DOP53 PTPN2 and TiO2 in the pathogenesis of inflammatory bowel disease
J. Conde, M. Schwarzfischer, E. Katkeviciute, J. Häfliger, A. Niechcial, N. Brillant, K. Atrott, K. Bäbler, M. Scharl
Department of Gastroenterology and Hepatology, University Hospital Zurich, c/o University of Zurich, Zurich, Switzerland
Inflammatory bowel disease (IBD) is caused by a complex interaction among genetic, immunological, bacterial and environmental factors. In this scenario, protein tyrosine phosphatase non-receptor type-2 (PTPN2) has been recognised as a risk factor for the development of IBD and functional studies revealed a major role for this protein in the development of experimental colitis through the regulation of the inflammasome, among other processes. In the same way, a potential relationship between diet components and IBD was suggested. In fact, it was reported that the food additive titanium dioxide (TiO2) was able to induce inflammasome activation in vitro and increase colitis severity in vivo. These observations led us to hypothesise a putative relationship between PTPN2 and TiO2 that could explain the effects of this microparticle in the pathogenesis of bowel inflammation.
DSS colitis model was performed in mice lacking PTPN2 in myeloid cells and their wild-type littermates, treated or not with titanium dioxide. After that, histology studies, flow cytometry, expression analysis, ELISA and barrier function experiments were performed. Also, bone marrow-derived macrophages (BMDMs) were used for in vitro studies.

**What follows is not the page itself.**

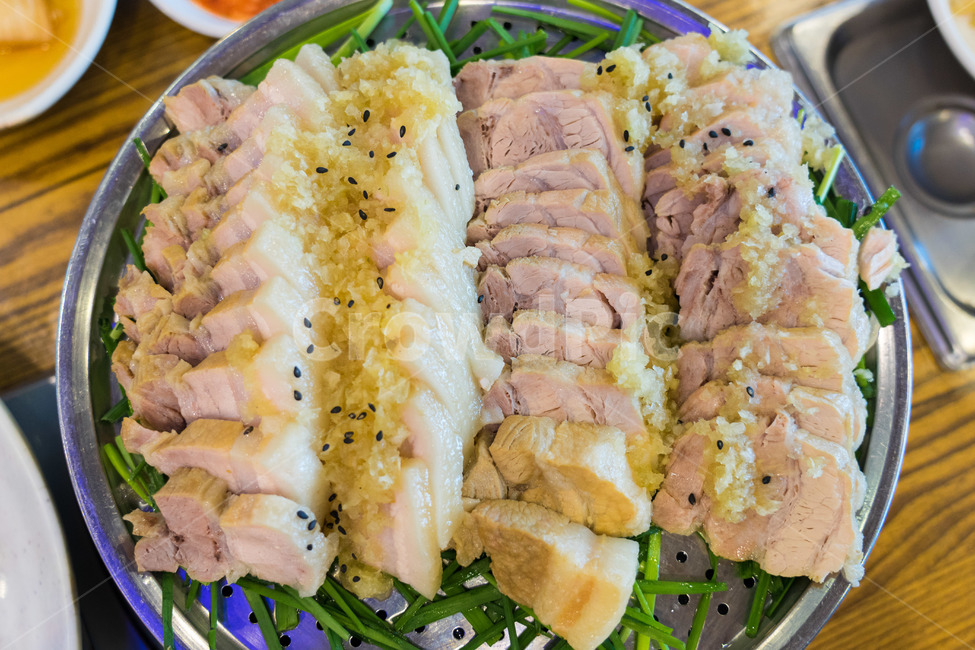음식,보쌈,돼지고기,마늘,요리,음식,식재료,요리,food,cook,meal,dishes,food reserves,육류,고기,meat,한식,한국음식,한국요리,korean food,korean dishes,korean meal,korean cook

Titanium dioxide was able to exacerbate DSS-induced colitis, especially in mice lacking PTPN2 in myeloid cells. Flow cytometry analysis of the lamina propria revealed significant changes in different immune cell populations such as macrophages. In vitro experiments using BMDMs revealed that TiO2 induced the activation of the inflammasome. Also, this microparticle down-regulated the expression of the anti-inflammatory cytokine IL-10 and these effects were mainly mediated by JNK and ERK kinases.
The food additive titanium dioxide seems to play a negative role in colitis development by affecting the production of pro- and anti-inflammatory mediators in macrophages. This study reveals a new mechanism by which a certain component of the diet modulates intestinal inflammation.